Please get the latest rawtext.cpp from cvs and you should have
some help to understand it now.

		-Troy.





"Troy A. Griffitts" wrote:
> 
> Joe and others that asked,
> 
> The code for our first attempt at word indices and fast searches is in:
> sword/src/modules/texts/rawtext/rawtext.cpp
> 
> RawText::createSearchFramework  // creates the framework (done once)
> RawText::Search // uses the framework
> 
> Anyone want to reimplement these?
> 
> I know!  Let's have a contest! :)  Smallest indices with the fastest
> _accurate_ response time wins.
> 
>         :),
>                 -Troy.
> 
> Joe Walker wrote:
> >
> > Nathan wrote:
> > > In option 3, would the bitmap not be about 8.3K? (31102 verses / 8)
> > > Else it is a bytemap, not a bitmap :)
> >
> > To put the size in perspective.

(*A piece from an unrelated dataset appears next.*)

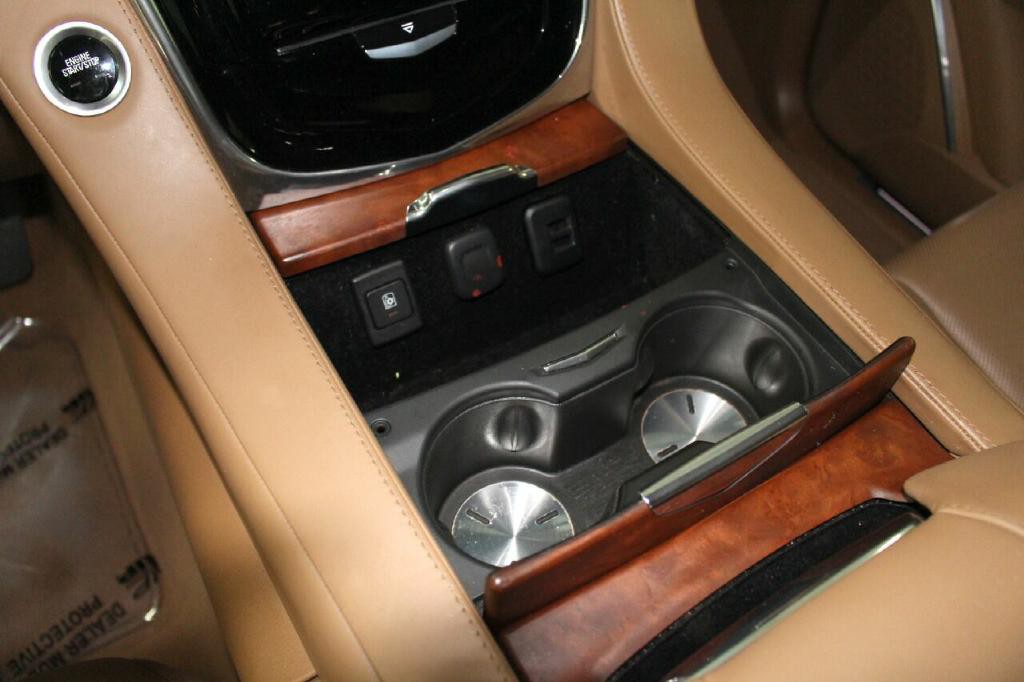 2015 Cadillac Escalade Image 24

If you take every word in the KJV and
> > search for it and store the results in whatever is the smallest of
> > the 3 approaches mentioned, and store the lot in a big RandomAccessFile
> > then the total size is 4.5Mb
> >
> > This is in my opinion a little on the large size if you want to do
> > a d/l of a new version. However since the data is duplicated there is
> > nothing to stop a clever installation script creating it, or even
> > a very clever caching search that creates it on the fly.
> >
> > > You are right that it is very fast. I use the same method.
> > > For wildcards it is also really fast (just OR a few bitmaps).
> > > The way to work around the huge size of the "bitmap index" is to
> > > store it in another format (like a list or Ranged list) and
> > > convert when needed.
> >
> > I have a working scheme where by you can do a best match. So you type
> > in your phrase and it first looks up every word you typed in in a
> > thesaurus and then searches for every match, returning you the verse with
> > hopefully the most similar meaning.
> > I find it very useful, but for it to work you do need a blinding fast
> > search mechanism.
> >
> > > I like your idea about the RangedPassage as well. It really makes
> > > the list of verses for certain "common" words much smaller.
> > >
> > > Where is your program located Joe?
> >
> > There was a servlet version on the web, but I think it is broken right
> > now. I've been working on a project for my brother (blood and in Christ)
> > that needed to be done before his wedding, so I've not done much on it
> > in the past few months.
> >
> > If you want to look at code, then I can send you what ever you want
> > very quickly. If you want a working product then I'll need a few more
> > weeks.
> >
> > I've tarred up the code in question. And I'll place it at:
> >   http://www.eireneh.com/passage.tar.gz
> > It is all Java, and will only be of use for case A above.
> >
> > Joe.